> _How to complete this task_
Shown below is a listing with pictures; reproduce exactly, and only, the lines between the ones containing "Black armless PRIMY" and "(305-04) FAIBO PAPELERA", inclusive, leaving the pictures out.

> _Material to process_
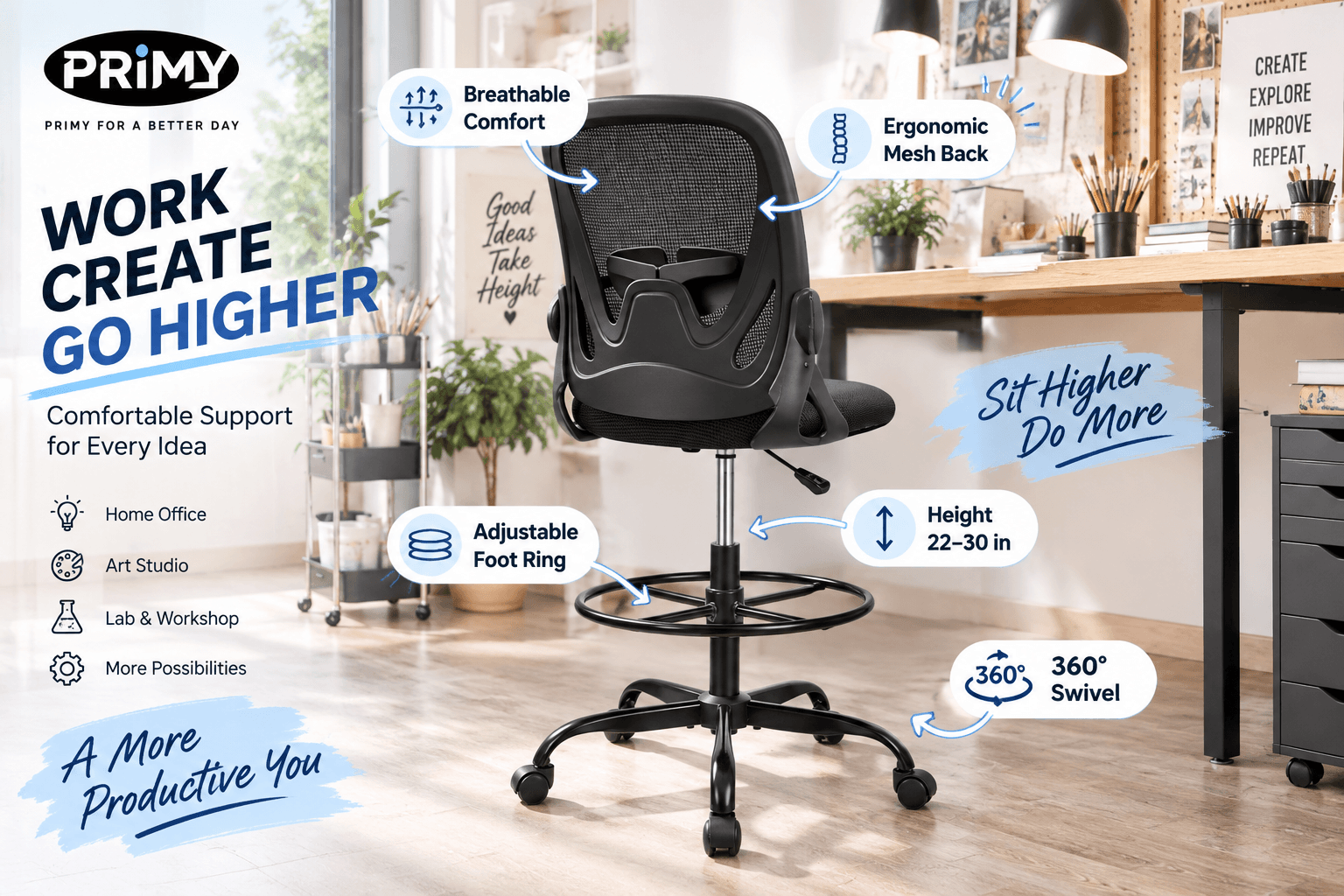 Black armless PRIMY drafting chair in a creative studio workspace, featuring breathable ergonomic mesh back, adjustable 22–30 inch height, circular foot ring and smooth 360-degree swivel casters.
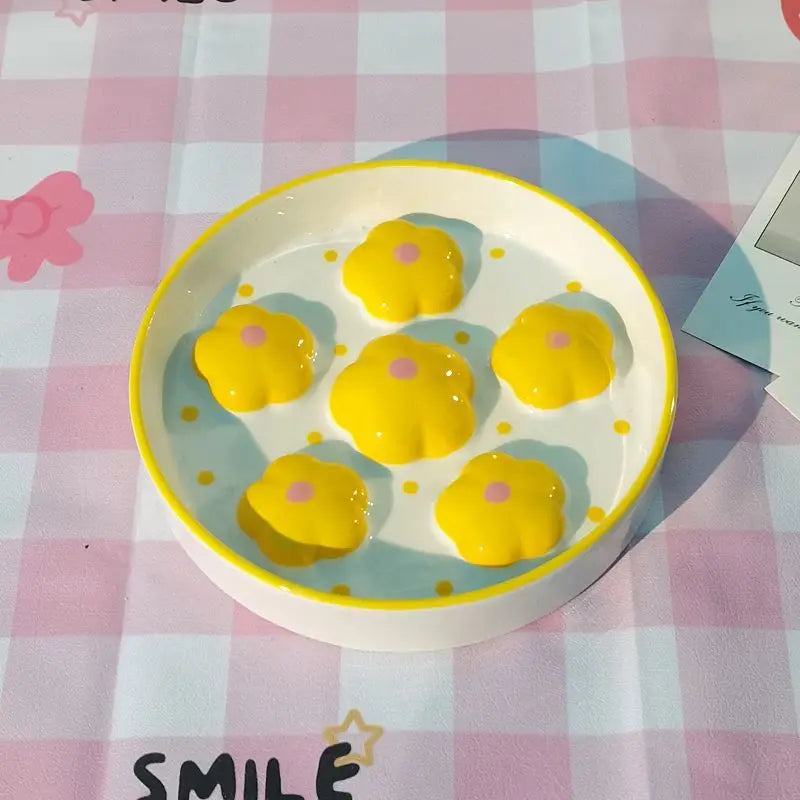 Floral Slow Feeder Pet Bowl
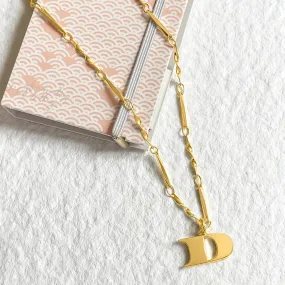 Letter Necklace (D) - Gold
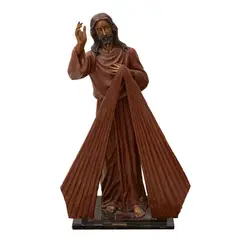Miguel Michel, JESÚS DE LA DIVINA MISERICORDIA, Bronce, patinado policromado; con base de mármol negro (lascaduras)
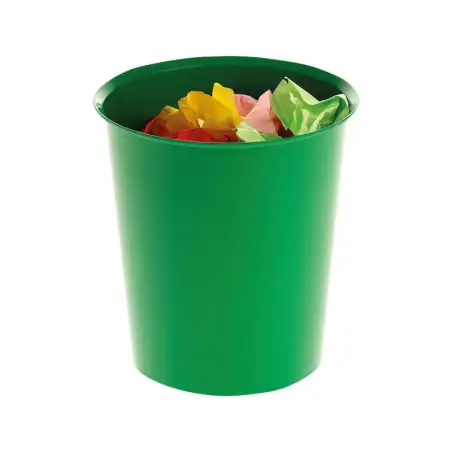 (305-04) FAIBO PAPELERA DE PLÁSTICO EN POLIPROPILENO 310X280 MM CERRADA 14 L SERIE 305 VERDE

---

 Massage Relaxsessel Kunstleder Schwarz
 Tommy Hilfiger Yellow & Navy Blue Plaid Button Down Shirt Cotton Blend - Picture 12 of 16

--

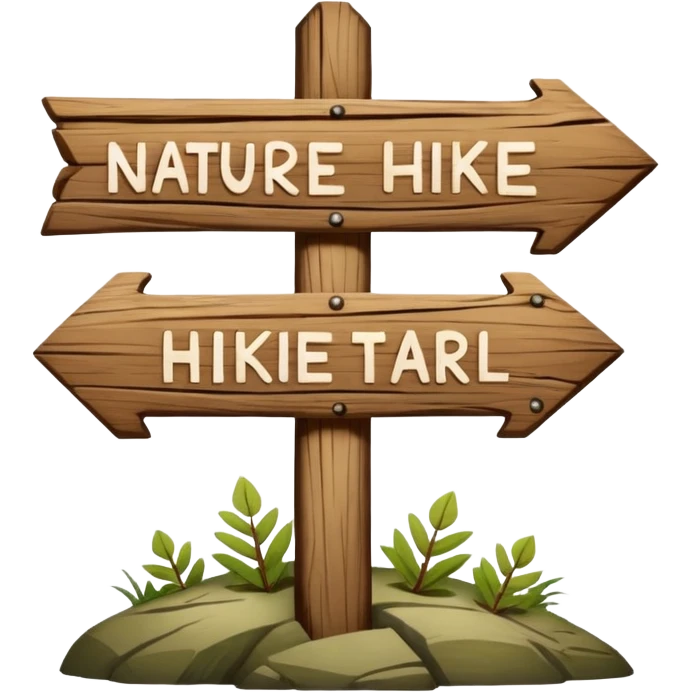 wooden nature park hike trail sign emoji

> _Expected answer_
 Black armless PRIMY drafting chair in a creative studio workspace, featuring breathable ergonomic mesh back, adjustable 22–30 inch height, circular foot ring and smooth 360-degree swivel casters.
 Floral Slow Feeder Pet Bowl
 Letter Necklace (D) - Gold
Miguel Michel, JESÚS DE LA DIVINA MISERICORDIA, Bronce, patinado policromado; con base de mármol negro (lascaduras)
 (305-04) FAIBO PAPELERA DE PLÁSTICO EN POLIPROPILENO 310X280 MM CERRADA 14 L SERIE 305 VERDE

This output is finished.